We set these out in order that the correctness of the trial court's conclusion that testimony such as this put before the jury would not be apt to produce a different result. The doctor who testified on the trial and made no reference to any insanity on the part of appellant, mentions in the above quotation as his reasons for now concluding appellant insane, that he has learned that he went from one regional office to another, not staying at any place long enough to have his case adjudicated, apparently as supporting his conclusion that appellant is insane. We quote from the testimony of the other physician as showing why the trial court was justified in not believing that testimony such as this would be apt to greatly influence the jury. Just what the witness meant by emotional insanity, or a status quo of apparent sanity, or the moral fibre being without stability, is not quite clear from a legal standpoint, but does serve to illustrate the ease with which erroneus conclusions may be reached regarding that character of insanity necessary of proof in order to evade the consequences of crime.
We think there is nothing in appellant's objection to the testimony of the city physician given upon the hearing of the motion for new trial, objected to on the ground that the truth or falsity of the proposition of insanity vel non, was not for the trial court. One of the issues before the trial court and upon which appellant assumed the burden of satisfying said court, was that the testimony offered would likely bring about a different result. We think the court not without authority to hear the testimony of said city physician.

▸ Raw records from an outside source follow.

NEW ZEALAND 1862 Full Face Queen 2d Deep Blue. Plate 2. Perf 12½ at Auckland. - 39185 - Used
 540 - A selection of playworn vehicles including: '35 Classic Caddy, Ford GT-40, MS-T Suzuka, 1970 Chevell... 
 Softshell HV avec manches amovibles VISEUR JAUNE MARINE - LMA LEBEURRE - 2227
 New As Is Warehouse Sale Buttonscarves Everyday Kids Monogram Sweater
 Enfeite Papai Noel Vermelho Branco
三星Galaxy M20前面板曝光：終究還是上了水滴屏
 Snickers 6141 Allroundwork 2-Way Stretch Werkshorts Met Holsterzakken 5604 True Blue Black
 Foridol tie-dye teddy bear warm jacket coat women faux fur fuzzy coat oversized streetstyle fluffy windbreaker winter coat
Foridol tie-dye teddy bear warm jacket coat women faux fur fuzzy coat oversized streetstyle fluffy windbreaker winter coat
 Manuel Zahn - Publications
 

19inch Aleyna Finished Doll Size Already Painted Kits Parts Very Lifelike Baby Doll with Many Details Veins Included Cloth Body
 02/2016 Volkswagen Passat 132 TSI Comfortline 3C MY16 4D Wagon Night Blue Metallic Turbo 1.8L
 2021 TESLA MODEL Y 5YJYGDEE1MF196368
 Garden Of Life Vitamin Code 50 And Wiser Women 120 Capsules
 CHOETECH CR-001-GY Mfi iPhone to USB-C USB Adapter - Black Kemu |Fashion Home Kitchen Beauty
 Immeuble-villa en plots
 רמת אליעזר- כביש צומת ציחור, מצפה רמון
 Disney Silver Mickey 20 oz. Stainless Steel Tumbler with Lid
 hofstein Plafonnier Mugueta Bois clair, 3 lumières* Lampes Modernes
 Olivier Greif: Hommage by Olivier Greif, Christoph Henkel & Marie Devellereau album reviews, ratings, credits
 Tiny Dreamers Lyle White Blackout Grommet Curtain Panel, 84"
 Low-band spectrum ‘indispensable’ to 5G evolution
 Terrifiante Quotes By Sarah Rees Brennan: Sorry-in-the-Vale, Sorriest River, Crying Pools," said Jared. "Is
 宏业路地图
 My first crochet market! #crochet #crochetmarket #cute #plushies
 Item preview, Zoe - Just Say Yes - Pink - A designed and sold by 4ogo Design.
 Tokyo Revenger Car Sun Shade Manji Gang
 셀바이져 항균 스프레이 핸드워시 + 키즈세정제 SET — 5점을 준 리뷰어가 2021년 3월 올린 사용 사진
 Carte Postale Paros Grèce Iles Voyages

We recognize that in cases where the alleged newly discovered evidence is for the purpose of showing insanity, the rule as to the effect of the prior knowledge of the accused of such testimony, is held not applicable, — and we have purposely avoided announcing any adverse holding herein based on the proposition that appellant himself must have known all the things involved in said newly discovered testimony. We have no quarrel with the cases cited by appellant in his brief, and think each of them correct on the facts before the court, but we have here no case parallel with any of them. There is not even any dispute of the fact that at least three of the witnesses proffering newly discovered evidence, were present at the trial. *Page 37 The others were interested relatives or friends necessarily cognizant of the fact that the trial was being had as well as the facts now set out in their affidavits. Insanity as a defense is no new discovery, but is one of the best understood defenses. Relatives and friends of this appellant were not ignorant or uninformed. His counsel were able and versed in the law.
Finding ourselves unable to conclude that the discretion of the trial court in the refusal of the motion for new trial has been in any way abused, the judgment will be affirmed.
Affirmed.
ON MOTION FOR REHEARING.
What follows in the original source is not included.